PROBLEM DESCRIPTION
Once the pictures are set aside, retype the remaining entries exactly.

Web page caption snippets
※

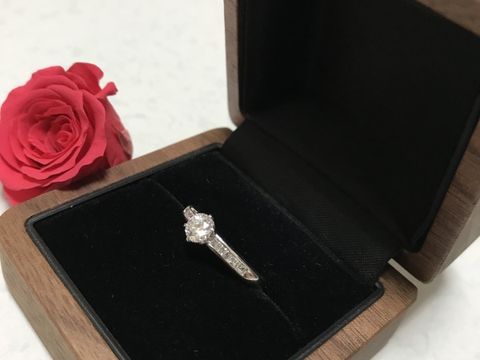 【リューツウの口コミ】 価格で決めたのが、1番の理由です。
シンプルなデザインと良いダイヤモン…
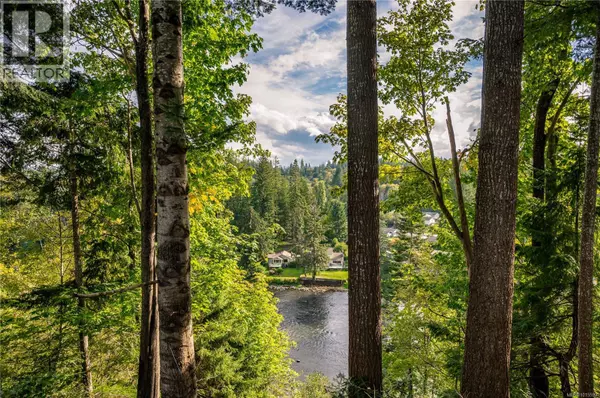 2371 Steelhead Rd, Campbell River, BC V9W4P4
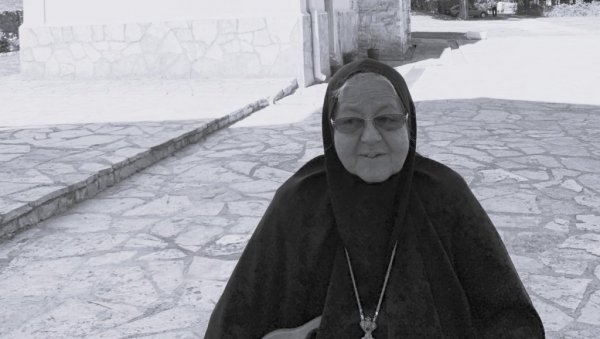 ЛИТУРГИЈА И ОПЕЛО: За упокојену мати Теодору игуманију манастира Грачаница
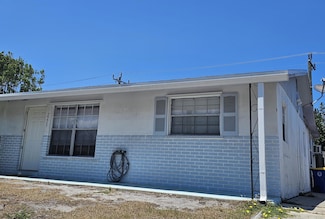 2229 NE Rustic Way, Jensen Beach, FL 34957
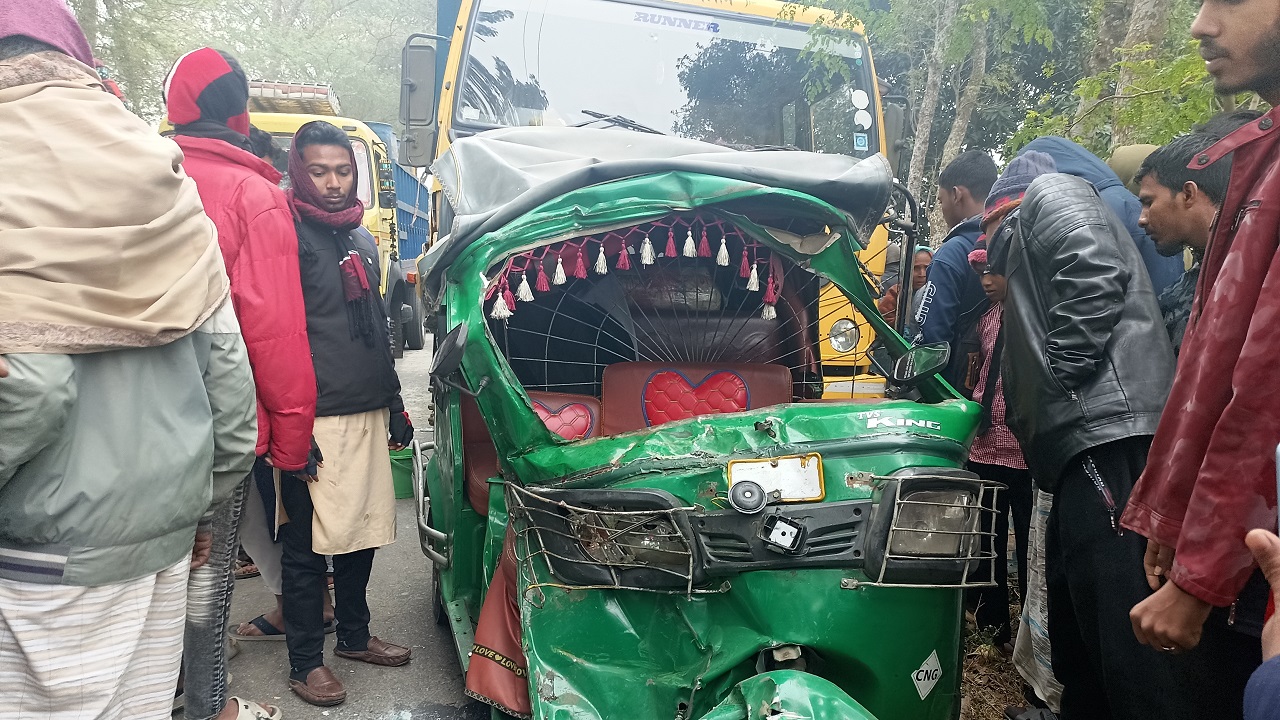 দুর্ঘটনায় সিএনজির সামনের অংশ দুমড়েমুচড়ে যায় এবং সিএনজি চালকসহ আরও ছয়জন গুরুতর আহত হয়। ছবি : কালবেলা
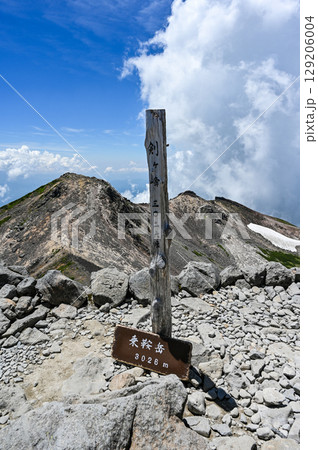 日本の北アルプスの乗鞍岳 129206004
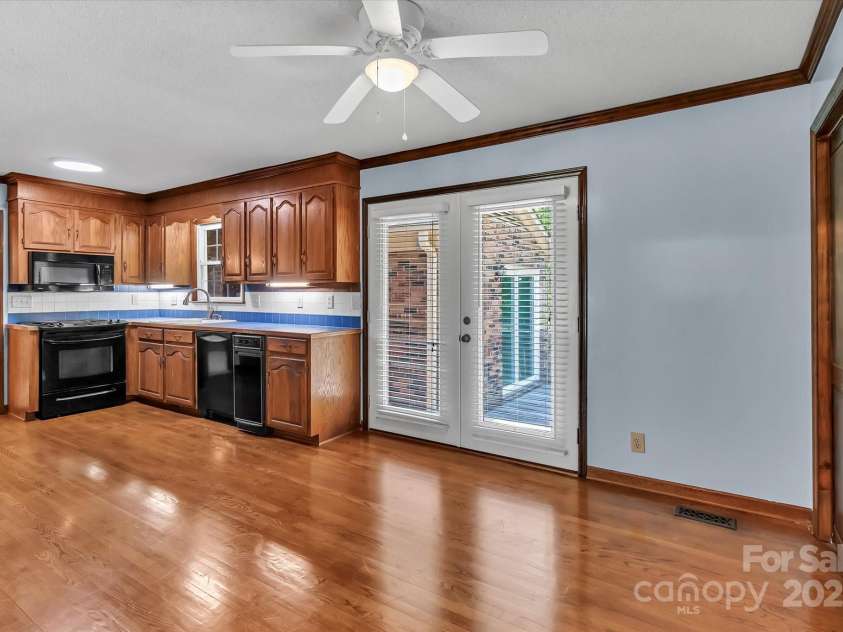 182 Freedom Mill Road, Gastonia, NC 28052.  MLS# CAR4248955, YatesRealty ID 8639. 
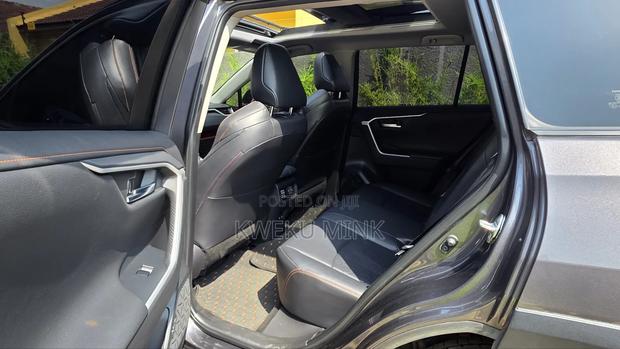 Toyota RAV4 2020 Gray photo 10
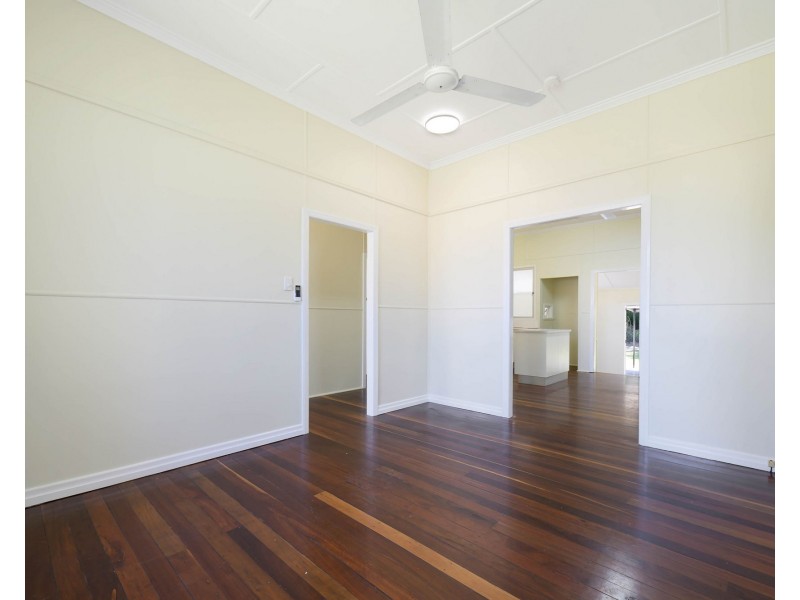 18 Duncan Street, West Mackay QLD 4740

※

RESULT OF THE TASK
 【リューツウの口コミ】 価格で決めたのが、1番の理由です。
シンプルなデザインと良いダイヤモン…
 2371 Steelhead Rd, Campbell River, BC V9W4P4
 ЛИТУРГИЈА И ОПЕЛО: За упокојену мати Теодору игуманију манастира Грачаница
 2229 NE Rustic Way, Jensen Beach, FL 34957
 দুর্ঘটনায় সিএনজির সামনের অংশ দুমড়েমুচড়ে যায় এবং সিএনজি চালকসহ আরও ছয়জন গুরুতর আহত হয়। ছবি : কালবেলা
 日本の北アルプスの乗鞍岳 129206004
 182 Freedom Mill Road, Gastonia, NC 28052.  MLS# CAR4248955, YatesRealty ID 8639. 
 Toyota RAV4 2020 Gray photo 10
 18 Duncan Street, West Mackay QLD 4740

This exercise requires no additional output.